The capstone of our last evening together was the Queimada ceremony. Unique to Galicia, the traditional Queimada ceremony consists of sitting around a cauldron of burning Queimada (a special Galician drink) while reciting an incantation together to ward off evil. It seemed like a fitting end to our journey – together, we warded off the evils of blisters, sunburn, and tendonitis, trading them in for laughter, conversation, and even a student-professor arm-wrestling match for the ages (picture included). It truly was a perfect ending to this life-changing pilgrim experience.
Final test | Photo by Mike Perlowitz

Although we’ve finished our Camino pilgrimage together, the journey is never truly over. As we go forward, the Camino, specifically this Camino experience, will hold a “special place in our hearts (to quote the talented Giancarlo’s ‘Camino Song’).” I, for one, have grown by leaps and bounds from this experience – the confidence, companionship, and occasional blister (for which a fellow peregrino always provided a band-aid) have given me a renewed faith in humanity, in the goodness of the human being and the indomitable human spirit.

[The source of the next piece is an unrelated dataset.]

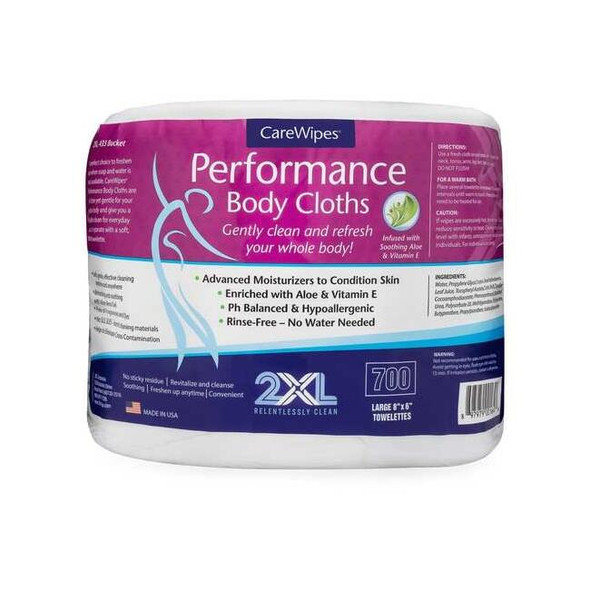 2xl Body Wipes, 8 inL, 6 inW, PK2 2XL436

I think I speak for all of us when I say that our Camino experience has taught us what human solidarity truly entails, and what the human experience is all about. Our two-week Camino may be over, but our lives’ Caminos move forward, with the lessons we’ve learned and the friendships we’ve formed always in mind.

-Mike

June 3-4: Melide

Melide Town Hall
Melide Town Hall | Photo by Andrea Waterman

The walk to Melide was a nice 14km and gave us all some time to nap and recover before our final two-day trek to Santiago. After settling in at our albergue, we headed over to Plaza del Convento. This plaza is the crossing of the Camino de Santiago (the French Way) and the Camino de Oviedo. The parish church in the center is 14th-century Romanesque with sixteenth-century wall paintings and an ivory baby Jesus. Unfortunately, we arrived at the same time as a funeral procession and were not able to see the church for ourselves.

Melide Traditional Pastry Display
Traditional pastry display | Photo by Andrea Waterman

We did get to visit the Terra de Melide Museum, which gave us insight into the history of the town’s culture. I certainly enjoyed the traditional dessert display, which showed how its famous pastries, ricos, melindres, and amendoados, were made. We then visited the Church of San Roque, which was combined with the Church of San Juan previously and is also 14th-century Romanesque. Next to it stands the oldest stone cross in Galicia, the Crucero do Melide. On one side Christ is shown majestic and godly, while on the other he is shown crucified.

Although we are all in some pain from two weeks of walking, it is with very bittersweet hearts that we make our final trek to Santiago…

-Andrea

Ready!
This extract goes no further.